Our Tuition Assistance Program supports lifelong learning of all employees. Through a generous reimbursement program, eligible employees who have been with the Company a minimum of six months may seek continuous education and personal development to support their career aspirations while contributing to our collective growth and success. Eligible coursework may be aimed at achievement of an Associate’s, Bachelor or Master’s degree or may be specialized in various certificate/certification programs. We require participants in the Tuition Assistance Program to remain with the Company for one year following completion of their education program.
ENVIRONMENTAL MANAGEMENT
The preferred source of fiber used in the pulp for directory paper comes from residual chips and other byproducts produced by the lumber industry when logs are converted into lumber. The chips become paper pulp instead of being burned or going into landfills. Not only is it beneficial to the environment but it benefits the economy of many regions that depend on the lumber industry. Our paper suppliers primarily source paper from certified sustainable forestry practices. In 2020, Thryv moved to a remote work from home environment, further decreasing our carbon footprint by reducing carbon emissions from cars and energy use in office buildings.

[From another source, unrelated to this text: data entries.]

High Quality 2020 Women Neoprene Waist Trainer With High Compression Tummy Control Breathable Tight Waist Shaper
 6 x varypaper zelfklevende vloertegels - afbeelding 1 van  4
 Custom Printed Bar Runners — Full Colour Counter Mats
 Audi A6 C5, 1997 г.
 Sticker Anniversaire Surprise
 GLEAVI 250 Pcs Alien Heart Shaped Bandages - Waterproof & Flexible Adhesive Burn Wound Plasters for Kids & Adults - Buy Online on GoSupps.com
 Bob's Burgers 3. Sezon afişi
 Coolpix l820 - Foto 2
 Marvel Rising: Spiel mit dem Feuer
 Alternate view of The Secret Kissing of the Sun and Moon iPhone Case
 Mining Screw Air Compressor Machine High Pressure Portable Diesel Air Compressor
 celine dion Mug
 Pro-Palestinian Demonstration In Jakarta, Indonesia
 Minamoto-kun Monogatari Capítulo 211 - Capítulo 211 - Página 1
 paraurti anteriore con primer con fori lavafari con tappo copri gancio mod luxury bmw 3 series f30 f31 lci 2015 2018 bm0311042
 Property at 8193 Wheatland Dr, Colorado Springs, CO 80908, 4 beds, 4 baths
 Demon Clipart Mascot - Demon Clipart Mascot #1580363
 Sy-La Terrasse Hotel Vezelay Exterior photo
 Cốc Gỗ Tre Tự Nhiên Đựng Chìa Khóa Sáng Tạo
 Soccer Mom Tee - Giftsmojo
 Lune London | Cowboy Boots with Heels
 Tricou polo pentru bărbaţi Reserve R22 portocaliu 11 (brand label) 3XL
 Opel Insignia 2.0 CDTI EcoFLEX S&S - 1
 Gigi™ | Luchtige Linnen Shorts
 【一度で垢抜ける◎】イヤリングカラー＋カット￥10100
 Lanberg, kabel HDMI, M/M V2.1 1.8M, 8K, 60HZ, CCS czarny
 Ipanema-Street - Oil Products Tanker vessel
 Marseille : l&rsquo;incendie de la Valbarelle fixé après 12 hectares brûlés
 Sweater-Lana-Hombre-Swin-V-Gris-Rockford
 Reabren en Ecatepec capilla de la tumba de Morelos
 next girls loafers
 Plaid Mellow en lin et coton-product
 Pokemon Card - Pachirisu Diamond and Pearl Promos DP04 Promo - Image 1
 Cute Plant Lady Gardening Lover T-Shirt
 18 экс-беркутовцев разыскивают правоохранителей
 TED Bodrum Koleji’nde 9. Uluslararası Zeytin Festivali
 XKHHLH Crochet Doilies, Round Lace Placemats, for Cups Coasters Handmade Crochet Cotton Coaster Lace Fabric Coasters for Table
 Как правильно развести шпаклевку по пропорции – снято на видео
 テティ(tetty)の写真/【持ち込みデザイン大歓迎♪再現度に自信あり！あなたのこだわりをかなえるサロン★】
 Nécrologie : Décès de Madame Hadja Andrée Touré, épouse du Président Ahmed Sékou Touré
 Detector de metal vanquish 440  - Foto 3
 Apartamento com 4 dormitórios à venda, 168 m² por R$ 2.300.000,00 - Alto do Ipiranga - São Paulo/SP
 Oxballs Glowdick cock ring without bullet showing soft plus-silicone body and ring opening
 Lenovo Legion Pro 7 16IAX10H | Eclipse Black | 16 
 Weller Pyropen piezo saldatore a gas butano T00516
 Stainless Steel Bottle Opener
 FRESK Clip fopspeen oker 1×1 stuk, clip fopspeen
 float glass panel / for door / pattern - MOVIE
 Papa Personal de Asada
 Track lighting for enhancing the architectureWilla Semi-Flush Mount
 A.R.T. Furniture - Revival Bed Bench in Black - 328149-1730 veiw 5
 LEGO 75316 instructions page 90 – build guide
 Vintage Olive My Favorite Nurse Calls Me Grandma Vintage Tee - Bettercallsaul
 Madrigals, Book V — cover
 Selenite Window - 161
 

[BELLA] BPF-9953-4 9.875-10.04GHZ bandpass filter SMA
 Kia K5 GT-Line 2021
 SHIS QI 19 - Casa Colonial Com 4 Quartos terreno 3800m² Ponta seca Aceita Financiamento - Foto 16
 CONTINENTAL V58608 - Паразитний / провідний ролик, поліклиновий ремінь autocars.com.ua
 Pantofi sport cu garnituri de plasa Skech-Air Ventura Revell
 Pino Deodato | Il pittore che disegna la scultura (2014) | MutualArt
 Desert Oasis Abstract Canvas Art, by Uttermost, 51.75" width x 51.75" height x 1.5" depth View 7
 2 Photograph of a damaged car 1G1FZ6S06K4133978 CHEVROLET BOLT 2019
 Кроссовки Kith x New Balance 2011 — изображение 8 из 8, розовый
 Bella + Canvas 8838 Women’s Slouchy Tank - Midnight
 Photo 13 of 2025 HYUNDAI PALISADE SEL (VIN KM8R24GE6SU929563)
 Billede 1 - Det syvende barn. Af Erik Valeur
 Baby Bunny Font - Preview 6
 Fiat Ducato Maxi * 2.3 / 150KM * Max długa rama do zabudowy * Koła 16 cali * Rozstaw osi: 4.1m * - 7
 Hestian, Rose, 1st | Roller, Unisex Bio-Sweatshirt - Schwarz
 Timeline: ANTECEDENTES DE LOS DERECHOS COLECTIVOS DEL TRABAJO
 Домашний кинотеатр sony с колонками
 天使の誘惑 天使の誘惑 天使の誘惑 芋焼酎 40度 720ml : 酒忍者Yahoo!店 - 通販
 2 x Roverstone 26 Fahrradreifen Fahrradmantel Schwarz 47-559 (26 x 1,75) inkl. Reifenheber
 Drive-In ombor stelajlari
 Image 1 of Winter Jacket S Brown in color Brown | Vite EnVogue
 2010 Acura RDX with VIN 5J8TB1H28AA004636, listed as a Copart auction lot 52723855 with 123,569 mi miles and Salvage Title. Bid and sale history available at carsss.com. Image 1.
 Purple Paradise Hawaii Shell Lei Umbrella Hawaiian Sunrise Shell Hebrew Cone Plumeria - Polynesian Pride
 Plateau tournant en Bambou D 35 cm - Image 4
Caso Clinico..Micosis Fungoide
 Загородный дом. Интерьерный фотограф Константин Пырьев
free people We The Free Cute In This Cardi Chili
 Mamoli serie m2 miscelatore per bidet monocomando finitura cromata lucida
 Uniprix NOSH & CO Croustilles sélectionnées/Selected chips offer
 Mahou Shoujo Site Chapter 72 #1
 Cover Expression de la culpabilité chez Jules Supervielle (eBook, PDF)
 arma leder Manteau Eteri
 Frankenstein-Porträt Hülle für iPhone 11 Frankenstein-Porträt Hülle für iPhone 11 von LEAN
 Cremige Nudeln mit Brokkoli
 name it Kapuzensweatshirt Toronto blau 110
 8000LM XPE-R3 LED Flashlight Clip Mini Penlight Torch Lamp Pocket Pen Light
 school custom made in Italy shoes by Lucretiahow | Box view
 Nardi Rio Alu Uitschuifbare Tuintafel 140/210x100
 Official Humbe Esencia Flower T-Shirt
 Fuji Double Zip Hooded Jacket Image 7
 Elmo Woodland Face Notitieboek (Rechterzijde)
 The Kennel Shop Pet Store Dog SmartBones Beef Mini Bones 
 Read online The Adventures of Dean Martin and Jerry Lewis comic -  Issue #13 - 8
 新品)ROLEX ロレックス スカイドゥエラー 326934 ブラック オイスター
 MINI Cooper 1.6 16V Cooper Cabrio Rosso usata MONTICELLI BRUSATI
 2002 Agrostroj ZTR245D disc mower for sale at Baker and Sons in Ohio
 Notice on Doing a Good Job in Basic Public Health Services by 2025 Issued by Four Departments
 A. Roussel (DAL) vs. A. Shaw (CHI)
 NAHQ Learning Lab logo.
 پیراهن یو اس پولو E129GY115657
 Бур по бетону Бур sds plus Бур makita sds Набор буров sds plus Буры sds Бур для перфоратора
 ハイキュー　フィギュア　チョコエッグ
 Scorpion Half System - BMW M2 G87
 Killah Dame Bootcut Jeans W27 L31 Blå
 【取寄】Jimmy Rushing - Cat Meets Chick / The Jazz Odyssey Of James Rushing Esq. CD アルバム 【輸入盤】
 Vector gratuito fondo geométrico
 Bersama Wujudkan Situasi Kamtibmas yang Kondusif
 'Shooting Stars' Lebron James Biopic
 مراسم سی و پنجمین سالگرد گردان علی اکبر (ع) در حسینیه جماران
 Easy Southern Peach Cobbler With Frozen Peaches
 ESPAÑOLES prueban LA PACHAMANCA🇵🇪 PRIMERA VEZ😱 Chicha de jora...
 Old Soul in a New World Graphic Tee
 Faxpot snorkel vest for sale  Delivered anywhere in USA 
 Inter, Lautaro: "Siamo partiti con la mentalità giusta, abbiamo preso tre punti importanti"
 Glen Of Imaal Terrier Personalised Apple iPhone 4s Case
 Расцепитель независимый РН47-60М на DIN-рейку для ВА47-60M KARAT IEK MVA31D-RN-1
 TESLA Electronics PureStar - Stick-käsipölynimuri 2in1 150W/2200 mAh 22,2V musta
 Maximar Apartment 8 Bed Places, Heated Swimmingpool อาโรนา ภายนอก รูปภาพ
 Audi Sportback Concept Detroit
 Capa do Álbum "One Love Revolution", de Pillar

Thryv has moved away from placing directories on every doorstep and implemented a targeted distribution to give printed directories of business ads and listings only to the people who use the printed directories. We have also extended the life of our printed directories from 12 months to 18 or 24 months, and formatted our printed directories to be smaller. As a result, Thryv, in cooperation with the various telephone companies, has dramatically reduced the number of white page residential listings books that are printed and distributed and established digital versions of its directories to further reduce the number of directories printed on paper.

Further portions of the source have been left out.